Introduction to Portfolio Backtesting

Prerequisites

CRSP and Compustat Data Familiarity
Basic Programming

(There is no great book on the subject. Perhaps the closest is Andrew Ang’s “Asset Management.”)

Major Homework Tasks For Spring-I

Task 0: Learn to Program

Task 1: CRSP

Use CRSP To Create Firm-Size Data Sets (2 Weeks, early summer)

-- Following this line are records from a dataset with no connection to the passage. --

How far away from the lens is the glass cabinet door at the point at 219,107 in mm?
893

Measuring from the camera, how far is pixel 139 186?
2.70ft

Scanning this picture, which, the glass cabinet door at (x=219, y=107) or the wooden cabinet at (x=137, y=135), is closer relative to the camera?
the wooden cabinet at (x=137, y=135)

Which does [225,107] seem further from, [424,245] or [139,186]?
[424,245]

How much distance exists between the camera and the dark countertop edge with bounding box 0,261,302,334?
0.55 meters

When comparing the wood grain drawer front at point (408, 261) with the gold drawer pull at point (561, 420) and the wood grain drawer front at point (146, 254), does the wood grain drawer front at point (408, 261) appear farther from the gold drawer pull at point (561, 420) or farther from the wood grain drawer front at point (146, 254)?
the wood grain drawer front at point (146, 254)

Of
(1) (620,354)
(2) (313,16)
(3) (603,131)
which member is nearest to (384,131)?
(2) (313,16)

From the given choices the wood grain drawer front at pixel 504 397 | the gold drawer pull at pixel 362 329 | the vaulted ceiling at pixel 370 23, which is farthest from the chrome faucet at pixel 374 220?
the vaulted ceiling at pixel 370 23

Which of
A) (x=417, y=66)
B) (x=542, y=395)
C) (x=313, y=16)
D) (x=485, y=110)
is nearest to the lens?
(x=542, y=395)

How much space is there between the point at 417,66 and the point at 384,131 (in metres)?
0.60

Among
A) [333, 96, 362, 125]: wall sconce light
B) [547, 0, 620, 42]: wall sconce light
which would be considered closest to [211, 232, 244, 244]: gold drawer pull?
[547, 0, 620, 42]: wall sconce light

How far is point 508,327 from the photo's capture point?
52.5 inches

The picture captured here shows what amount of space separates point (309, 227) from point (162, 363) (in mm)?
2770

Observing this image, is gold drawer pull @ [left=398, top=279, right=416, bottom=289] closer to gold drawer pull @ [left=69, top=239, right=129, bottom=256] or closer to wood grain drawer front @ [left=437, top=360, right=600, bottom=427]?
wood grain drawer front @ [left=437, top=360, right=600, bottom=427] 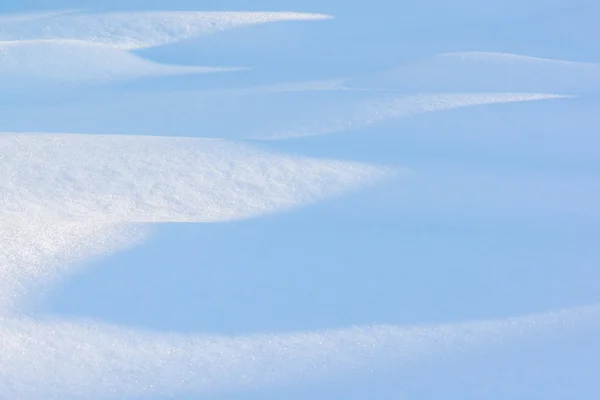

This task should be done individually by each and every student.
It is easiest to download the relevant data from WRDS first and then writing the program on a laptop.
For each stock and year calculate the marketcap on the last day of the year.
Calculate the rank of each stock on the last day of the year. (NA if not trading on last day of year)
Save your data as a csv data set:

permno, cusip, ticker, year, yyyymmdd, mktcap, rank(mktcap)
Handcheck outliers.
- For example, which firms had the biggest change in rank from year to year? Does this seem right?
Create some test cases, e.g.,

assert( (permno==10000) and (year==1986) and (rank(mktcap)==223) )

Task 2: Program CRSP

Create Annual Return Data Sets (1 Week, early summer)

Write a flexible function that can calculate holding rates of return
- a holding rate (i.e., compound rate of return) is not the percent change in price. Use the “1 plus” formula.
Use this function to create four data sets:
- Create one data set with annual Jan-Dec buy-and-hold rates of return for all stock-years.
- Create one data set but starting Jan 10 instead of Jan 1.
- Do the same, but restrict to stocks that ended the previous year in the top 2,000 stocks.
you can alternatively stick all data into one data set
Save your result as a csv data set:

permno, islarge, cusip, ticker, year, mktcap-last-year, rank(mktcap-last-year), yyyymmdd.1, yyyymmdd.T, ret.jan1dec31, ret.jan10dec31
Handcheck outliers
- For example, which firms had the biggest returns in the year? Does this seem right?
- For example, which firms had the biggest difference in allrjan1dec and allrjan10dec?
Create some test cases, e.g.,

assert( (permno==10000) and (year==1986) and (rank(mktcap)==223) )

Task 3: Compustat

Create a Compustat-based data set (2 weeks, early summer)

For each stock and year, pull off the earnings as of June 30.
- Be careful about how Compustat uses fiscal year.
When a stock ends its fiscal year in December, you want to calculate year-to-date earnings.
Handcheck a few outliers against SEC or Bloomberg information.
Make sure that you have the timing correct for one firm ending fiscal year in March and one ending in October.
Create some test cases, e.g.,

assert( (gvkey==1005) and (year==1986) and (earnings==2.0) )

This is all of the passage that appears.